> [RECORD EXCERPTS]
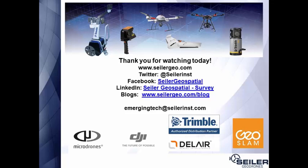So as you can see, there's quite a few steps to it, but that's all there is. So if you've got any questions, hit us up in the comments or send us an email at EmergingTech at SilerInst.com. Thanks for watching.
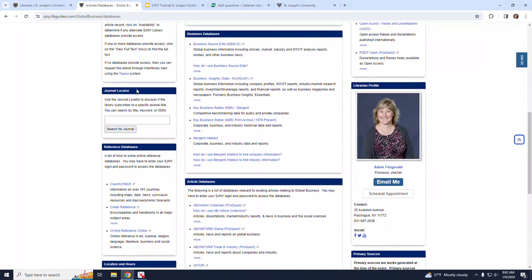Just above that, the Journal Locator can be used to find out if we subscribe to a particular journal. Just enter the journal title, keyword, or ISSN, and click Search, and the results will tell you if we subscribe to that journal.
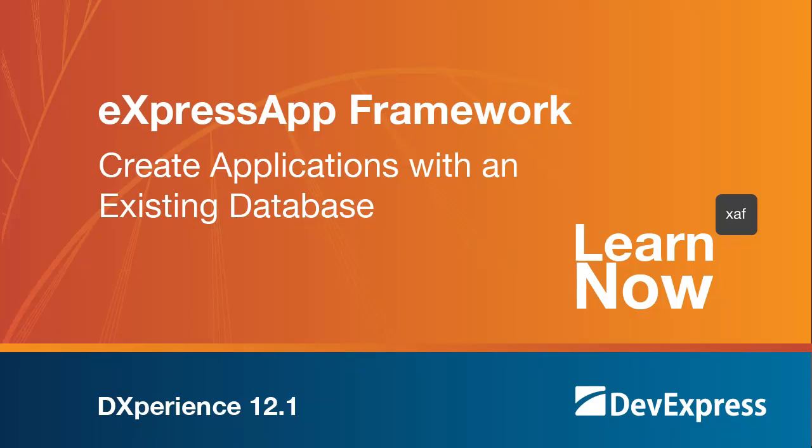Welcome to the DevExpress Learn Now series, quick tutorials to help you get started using DevExpress controls. XAF programmers are often required to maintain a legacy database instead of building an application from scratch.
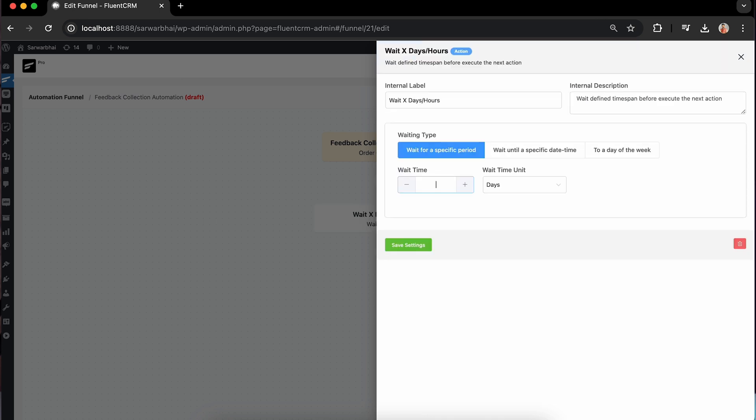Now I'll add a wait time. This gives users some time to use your product before sharing their feedback.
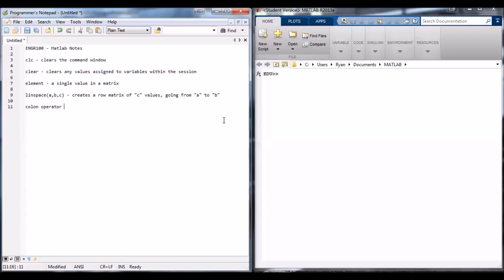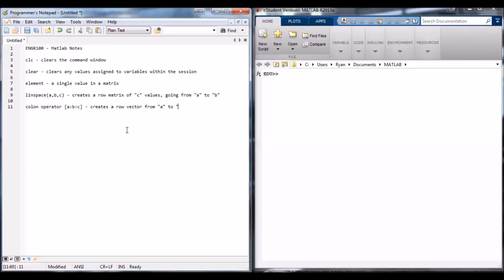The other function I wanted to mention is the colon operator. The typical setup looks like X = A:B:C. What the colon operator does is create a row vector from A to C in increments of B. When I say A, B, and C, I mean they're going to be some kind of number.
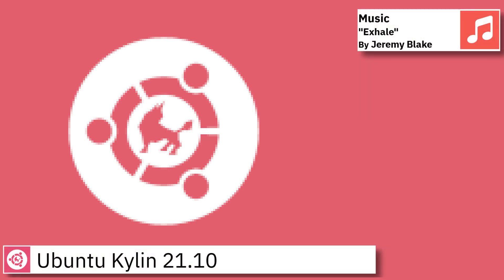Hello and welcome back to the channel. Today I am going to show an overview of the latest version of Ubuntu Kylin and some of the applications pre-installed.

> [WHAT YOU WILL DO]
Leaving aside every picture, transcribe exactly the lines that run from the one with "Now I'll add" to the close of the listing above.

> [FINISHED EXERCISE]
Now I'll add a wait time. This gives users some time to use your product before sharing their feedback.
The other function I wanted to mention is the colon operator. The typical setup looks like X = A:B:C. What the colon operator does is create a row vector from A to C in increments of B. When I say A, B, and C, I mean they're going to be some kind of number.
Hello and welcome back to the channel. Today I am going to show an overview of the latest version of Ubuntu Kylin and some of the applications pre-installed.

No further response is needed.